Friday 30 November 2012

A Phantasmagoria Of Fright



Billed as a ‘phantasmagoria of fright’, ‘Fragment of Fear’ (1970) doesn't quite live up to the hyperbole of that statement but is, nonetheless, a solid and intriguing thriller with an interesting premise, a great cast, and a fantastic soundtrack.

Tim Brett (David Hemmings) is a reformed heroin addict turned best selling confessional author who is pitched into danger when his newly discovered Aunt Lucy (Flora Robson), a kindly old woman known for her selfless work in reforming criminals is found murdered in the ruins of Pompeii. Eager to make some sense of the seemingly random killing (and with one eye to his next book) Tim sets out to find the truth, but soon finds himself the victim of those who want their secrets kept secret, and are prepared to use any means necessary to effect his silence.

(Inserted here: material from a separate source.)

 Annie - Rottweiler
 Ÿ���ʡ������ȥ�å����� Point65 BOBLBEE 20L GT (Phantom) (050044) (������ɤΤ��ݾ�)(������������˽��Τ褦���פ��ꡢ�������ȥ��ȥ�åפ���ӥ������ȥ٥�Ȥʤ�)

Directed by Richard C. Sarafin (his next film would be ‘Vanishing Point’), ‘Fragment of Fear’ is actually really rather good, with appearances from British acting institutions like Mona Washbourne, Arthur Lowe, Wilfrid Hyde-Whyte and Dave from ‘Minder’. The screenplay (by Paul Dehn, writer of the four ‘Planet of the Apes’ sequels and, therefore, some sort of God in my eyes) is clever and literate, methodically setting out the steps by which the already edgy Tim is pushed to his very limits, and creating a paranoid world where appearances can not only be deceptive, but deadly.

An eminently watchable actor, Hemmings is in possession of a gravitas that belies his boyish face and small, slight frame, and has a calm, sonorous voice that veers between Received Pronunciation and Estuary English. He plays the brittle Tim to perfection here, making him insecure and naïve, but with more than a touch of petulance and arrogance, and a tendency towards the withering putdown and sudden burst of anger. He is particularly good when trawling the Late Night Chemists and dirty alleys where he served his junkie time, his expression a mix of disgust and longing as he joins a crowd gawking at a hapless junkie shooting up.

Ironically, it is the character’s most defining characteristic: his addiction, recovery and subsequent success as a writer, that proves to be his downfall: he is too well-known as an ex-junkie to be taken seriously, and his reports of the intimidation he is subjected to are written off as the hallucinatory ravings of a drug fiend.

A few loose ends aside, it's a cool little film with lots of cool little people and performances (Hemmings and co-star Gayle Hunnicutt were married at the time, and have an obvious chemistry), and the music (by Tom Jones and Shirley Bassey musical director Johnny Harris) is ace.